When the founder of A Boundless World, Bud Hennekes, told me, “You should have nine @’s for every one link you share,” I nearly plotzed. Nine?! I was lucky if I tweeted out an article once every few days. Wasn’t the point of Twitter to “get the word out?”
Twitter is “not another promotion channel,” says Bud. “If you want the value out of these social networks, you have to add value. People struggle because they view social media as a place to push their piece,” and that doesn’t work (I can attest to that, since this is precisely what I’ve been doing for years).
In fact, engaging with strangers and adding value was the technique Bud used to land a job at Vayner Media in 2013.
“Gary [Vaynerchuck] was looking to barter some Super Nintendo games…So I tweeted back [at him] and said, ‘I’ll send you five video games if you give me five minutes of your time.'” Gary said yes via Twitter and Bud flew out to NYC for the meeting. Gary gave Bud literally five minutes of his time and Gary hired him on the spot.
Takeaway: Focus on reaching out 1:1, rather than broadcasting content. Talk with people instead of “at” them.
Use Twitter to listen, not talk.
“Everyone’s using Twitter to talk, no one is using Twitter to listen,” says Steve Campbell, another Vayner alum who used to manage the Jets and NHL’s social-media presence and is now CEO of The Ascent. He says the hidden power of the platform is in listening.
If you want to position yourself as a leader in your space or influencer in your field, Twitter can help you keep your finger on the pulse of your industry if you use it more like a search engine.
Follow relevant hashtags and pay attention to how people are talking about the topics you’re interested in. Use it as a tool to learn about your market. That information then serves to drive your content strategy.
Takeaway: Learn how to use lists, hashtags, and the search functions to find out what people in your niche are talking about. Market research is one of the underleveraged powers of Twitter.
Whatever you do, do not automate.
Bud conceded that while he’s not against using automation tools, “you can’t use one of these tools and expect to get results. You have to amplify. Say something interesting about the article [you’re sharing]. Ask a question…use that interaction as a way to push the connection.”
If you’re going to automate your tweets, provide some context as to why anyone should care. “Do your audience a service [and explain] why you are sharing this. Why do you find it interesting?”Add your own thoughts to the piece. If you can’t fit your thoughts into a 140 (now 280) character tweet, then make it a thread.
Takeaway: Automation can hinder your ability to connect with others on the platform. If you’re going to automate Tweets, do it in addition to being active on the platform. Do not simply “push” out content. If you want to automate sharing articles, make sure you add context and then jump into the discussion after the automated Tweet is sent.
Don’t be on Twitter if your audience isn’t there.

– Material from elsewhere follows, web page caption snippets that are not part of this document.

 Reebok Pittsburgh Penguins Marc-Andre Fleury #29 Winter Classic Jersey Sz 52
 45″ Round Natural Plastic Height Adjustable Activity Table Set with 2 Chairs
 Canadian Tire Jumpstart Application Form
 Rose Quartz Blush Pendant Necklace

This one seems obvious, but many brands trying to succeed on Twitter are there because they think they’re “supposed to be.”
Steve is resolute on this point: “find out where your audience actually is.” And go there.

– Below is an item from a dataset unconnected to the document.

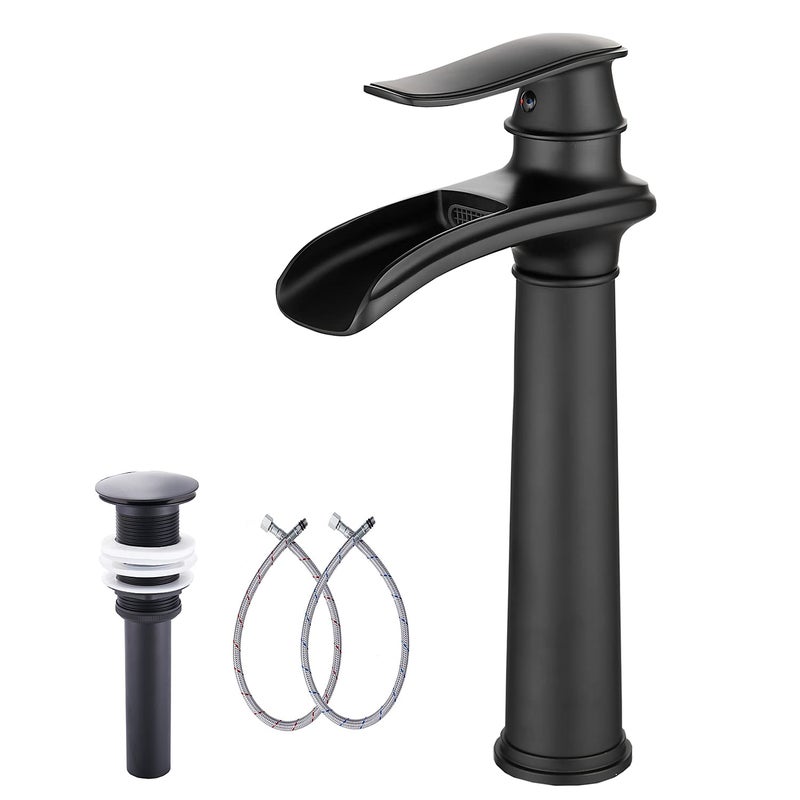 GGStudy Black Bathroom Faucet GGStudy Single Handle One Hole Farmhouse Waterfall Bathroom Vessel Sink Faucet Matte Black Matching with Pop Up Drain - Image 1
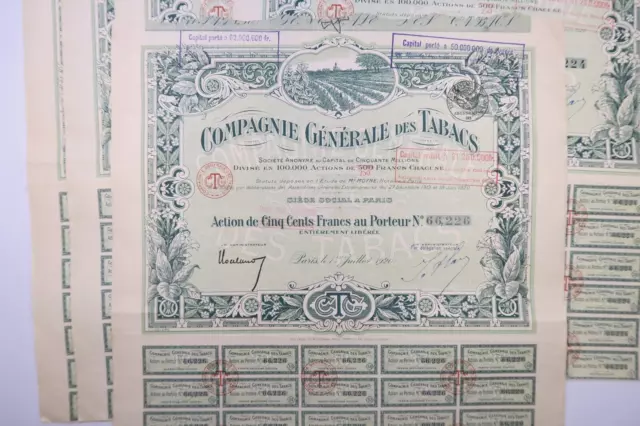 Compagnie Generale Des Tabacs Action De 250 Francs Paris 1920 X 5 Actions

For Mars, they’re on Twitter. He’s been able to build personal brand awareness precisely because he stays in contact with fans who want to know more about his works-in-progress and upcoming releases. “This works especially well if you want to get reviews on Goodreads and Amazon, as fans who interact with you are more likely to post about your work.”
Keeping in constant contact with people takes time and effort. That’s the part people don’t want to do, but where the biggest payoffs are found. When Bud launched his podcast in 2014, 14 of his 30 episodes featured contacts (including big industry names) he’d met or connected with through Twitter.

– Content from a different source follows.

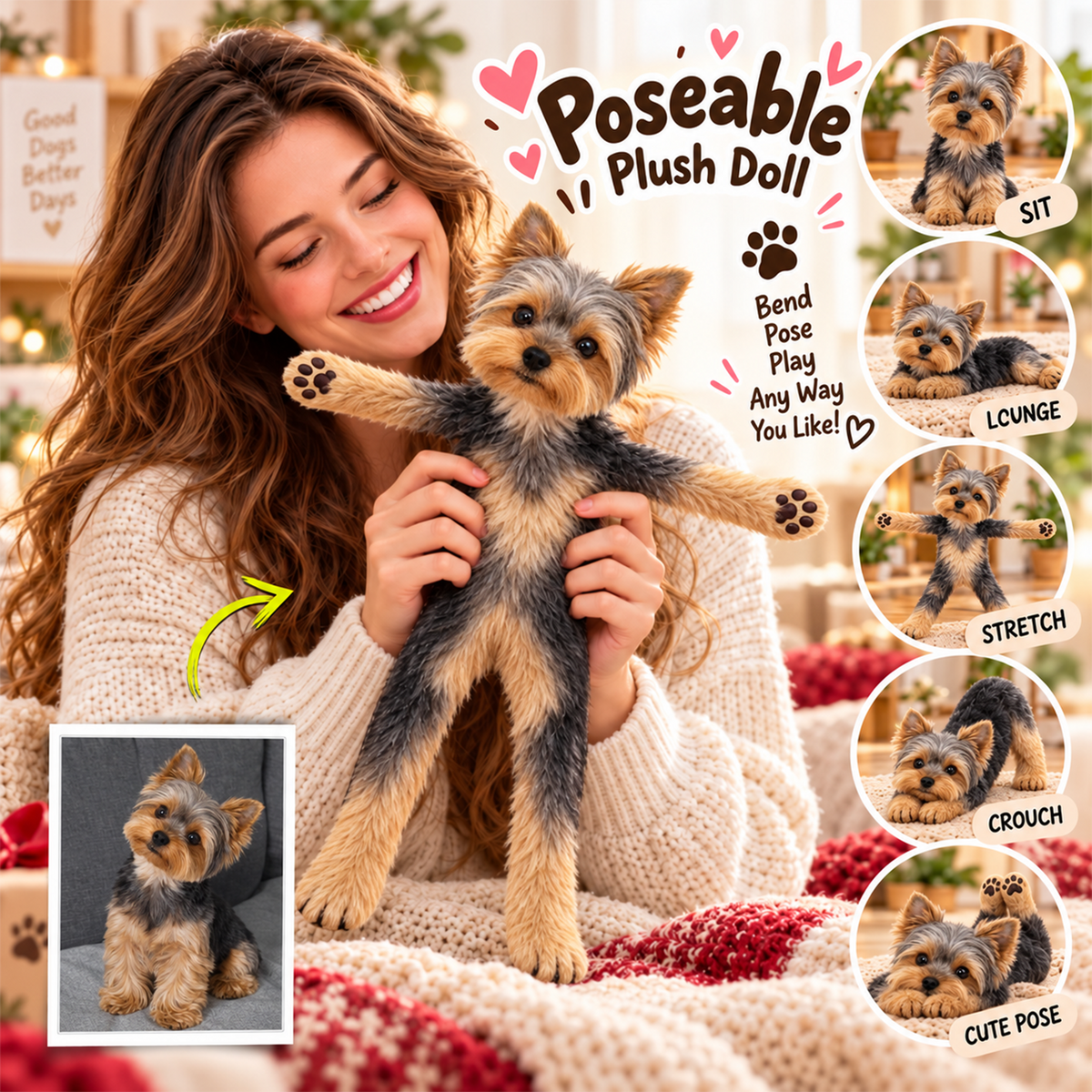 Personalized Yorkshire Terrier Photo Pet Squishy Toy Poseable Plush Doll, Funny Gift For Dog Mom, Dad, Pet Lover T1807 T24 TL06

Takeaway: Twitter doesn’t work if your audience isn’t on Twitter.
Twitter is an investment.
The professional value of Twitter is in those relationships you can’t purchase or scale. Bud says you “might not have ROI until two years in the future.” It’s like any relationship, “You’re planting the seeds.”
So far, the investment is paying off for Bud, Steven, Pippa, and Mars. At the very least, they’re all now in Inc.